December #SANchat Transcript – All about deduplication

 Posted on behalf of Alison Krause, who works in Dell’s Storage Product Group, Social Media & Communications.

We have been so excited about all the great new things Dell is doing with the acquisition of Ocarina. We held a SANchat last month to talk all about compression and this month we continued the Ocarina conversation by talking about deduplication. It was a “part 2,” if you will. We had a great conversation!

As I did last month, want to repeat my thanks to Mike Davis (@mike_davis) for joining us as our expert. Before diving into this chat’s transcript, if you missed the post about last month’s discussion (as well as a link to further explain SANchats), you can find that here.

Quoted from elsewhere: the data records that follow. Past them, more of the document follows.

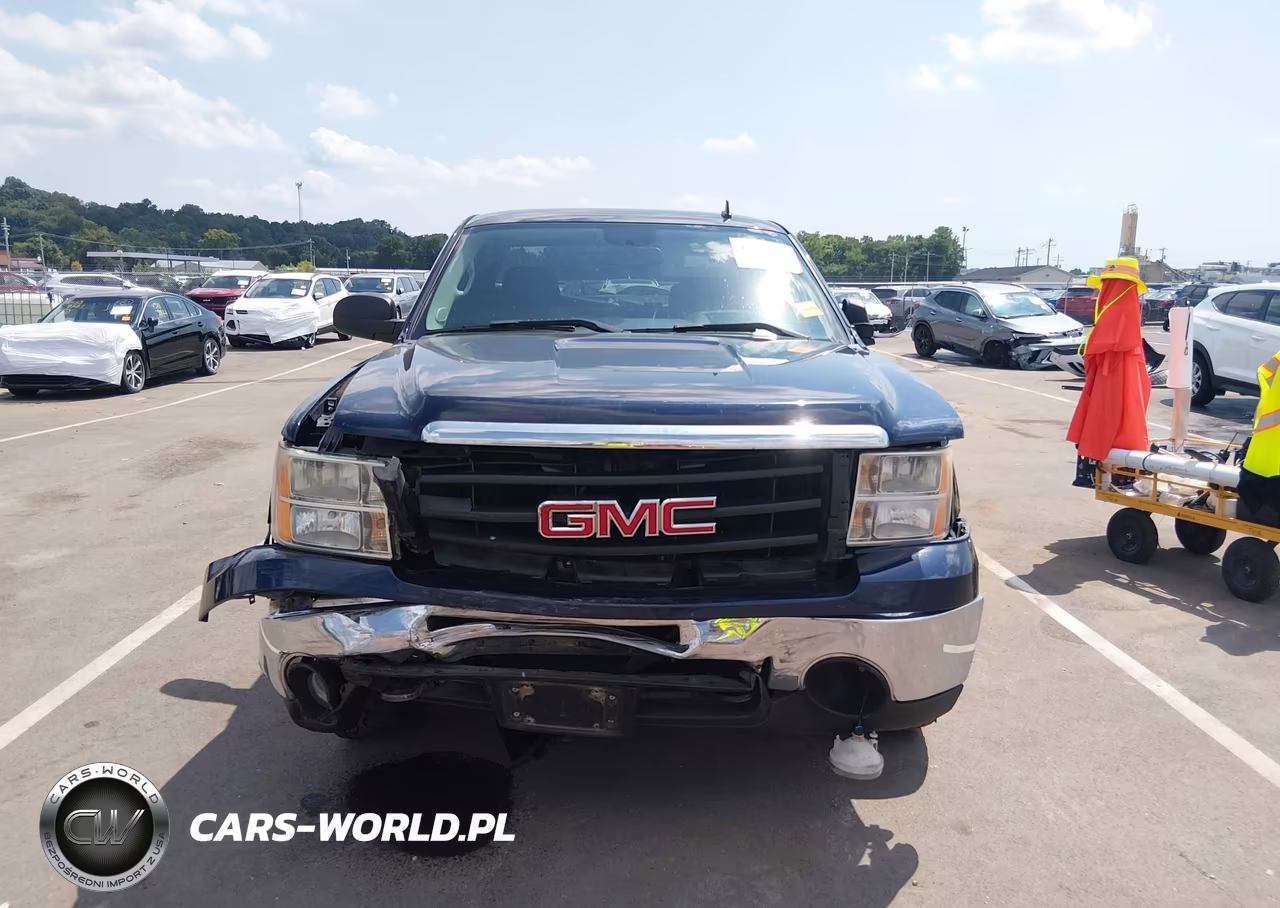 2010 GMC Sierra 1500 Sle VIN:1GTSCVE04AZ191327 - 13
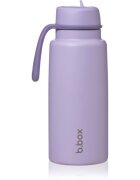 B.Box Insulated Flip Top Bottle termoláhev Lilac Love 1 ks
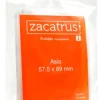 Fundas para cartas. Asia (57.5 x 89 mm). 110 unidades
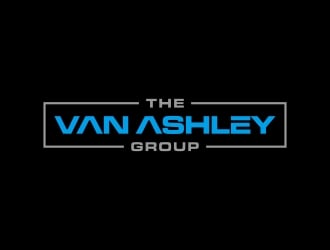 The Van Ashley Group logo design by excelentlogo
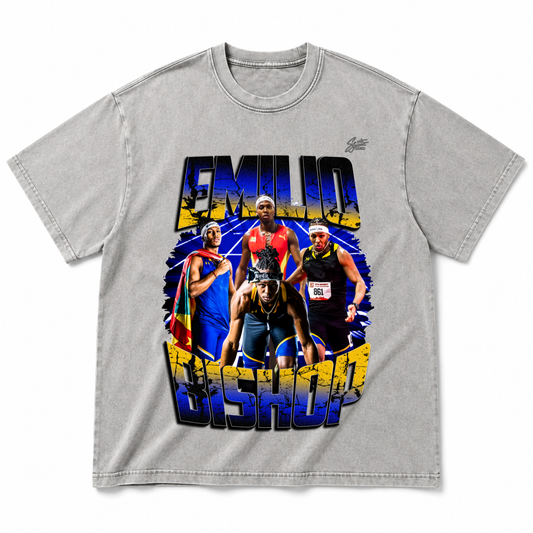 Emilio Bishop Oversize T-shirt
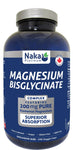 Naka Magnesium Glyccinate 390 Vcaps
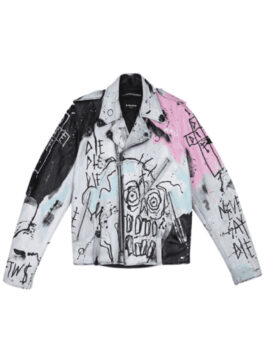 Lil Peep Never Say Die Jacket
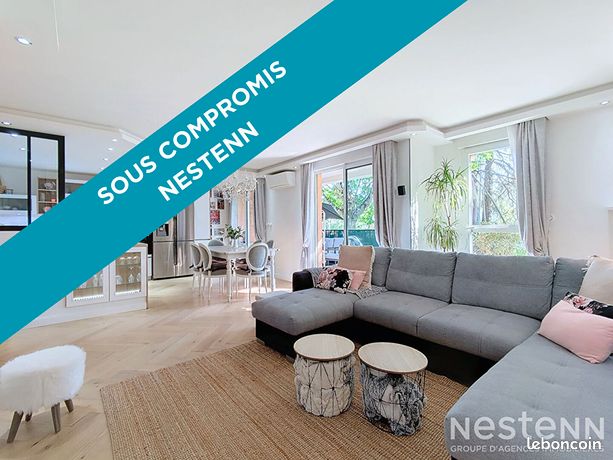 Appartement 4 pièces 95 m²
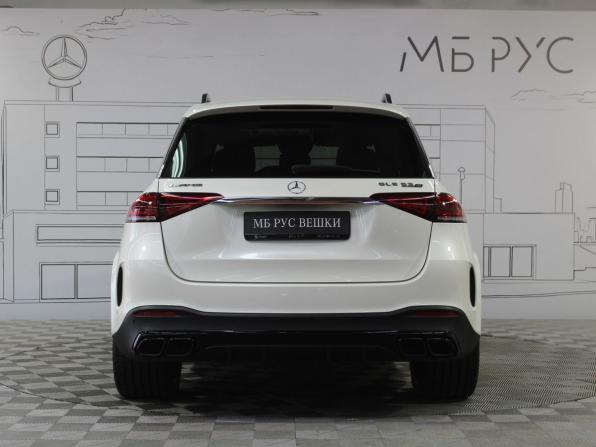 Mercedes-Benz GLE AMG II (V167) с пробегом 2021 года, цена 10 499 000 рублей, 59521 км, внедорожник, Автокод Объявления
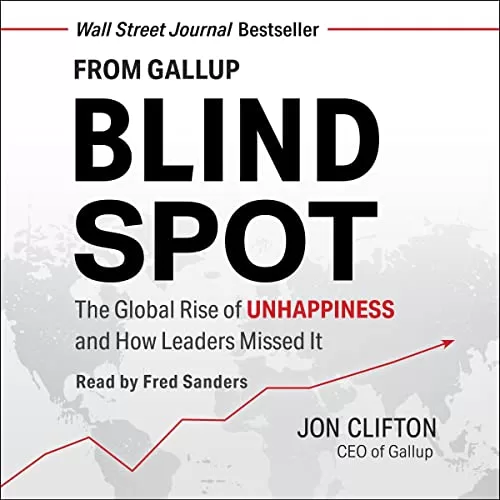Blind Spot By Jon Clifton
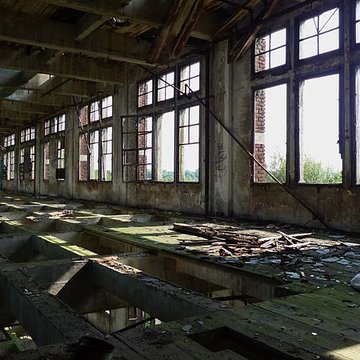 Grands Moulins de Paris à Marquette-lez-Lille
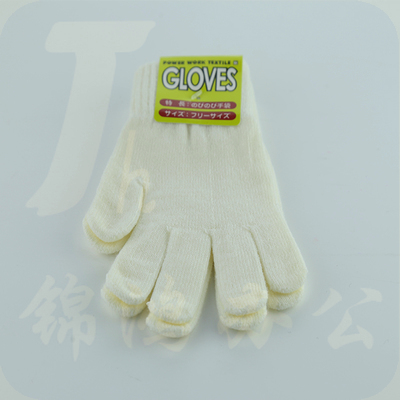 幼儿 魔术 手套  纯色（白色）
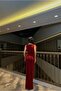 Slit Maxi Strap Evening Dress - 4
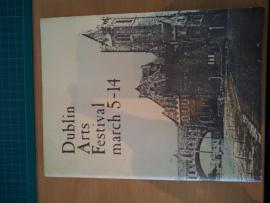 Dublin Arts Festival Programme 1976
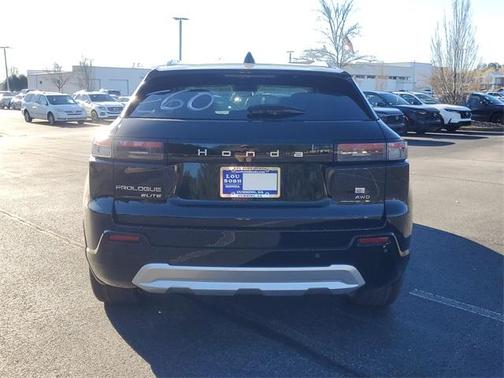 2026 Honda Prologue Elite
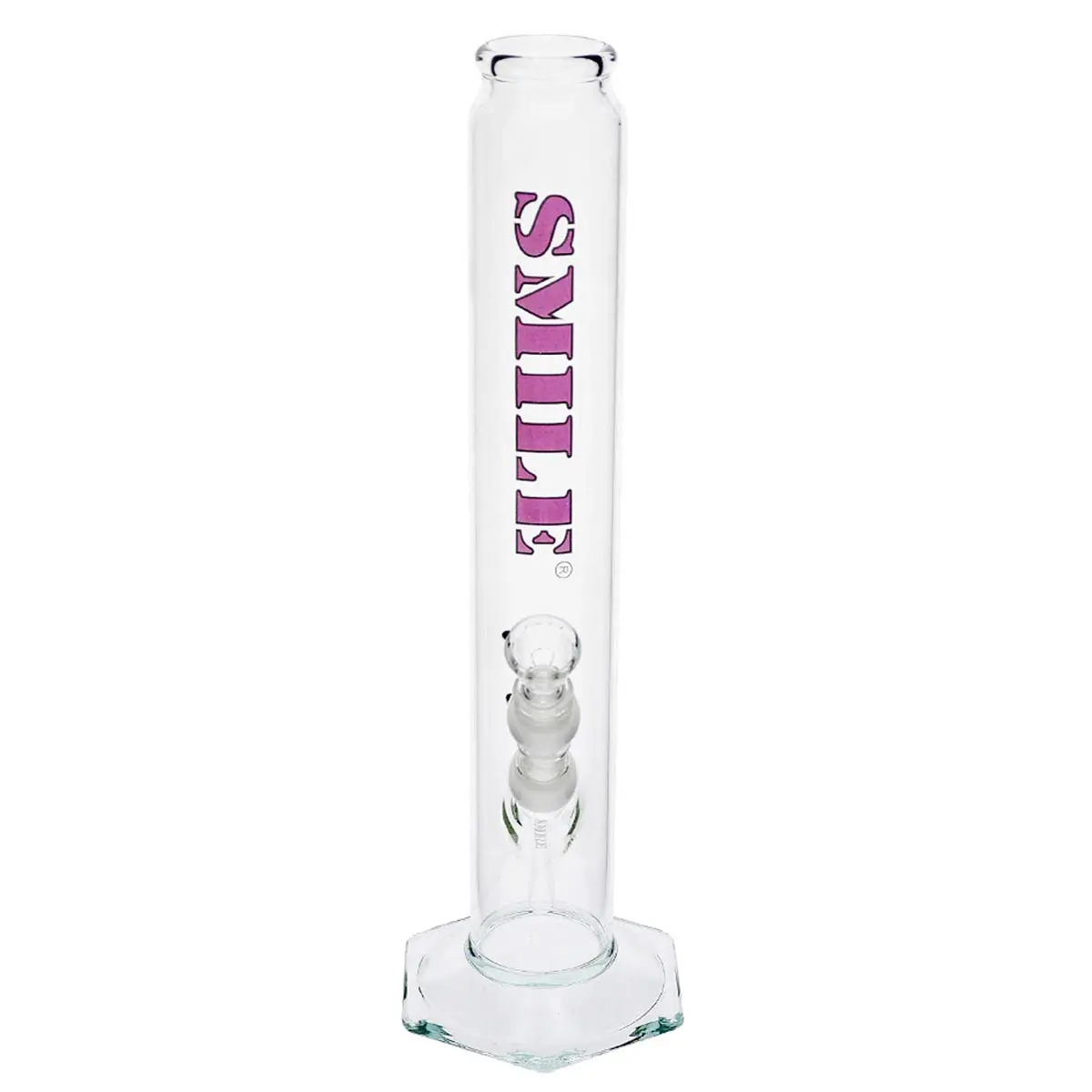Smile Bong 1000ml dritto 18.8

Mike did a great job explaining the difference between compression and dedupe. He described it as, “Compression = using math to describe patterns. Dedupe = eliminating redundancy either across or within files. 2 diff implementations.” He also answered questions about examples of when to use each and why Dell used one over the other on some of our products. Read through the transcript below to see more!

You can find the full transcript below. Be sure to follow us on Twitter so that you stay up to date on the upcoming SANchats and tweet us if you have any follow up questions/comments! Join us in January as we talk about Dell Storage Forum 2012 London!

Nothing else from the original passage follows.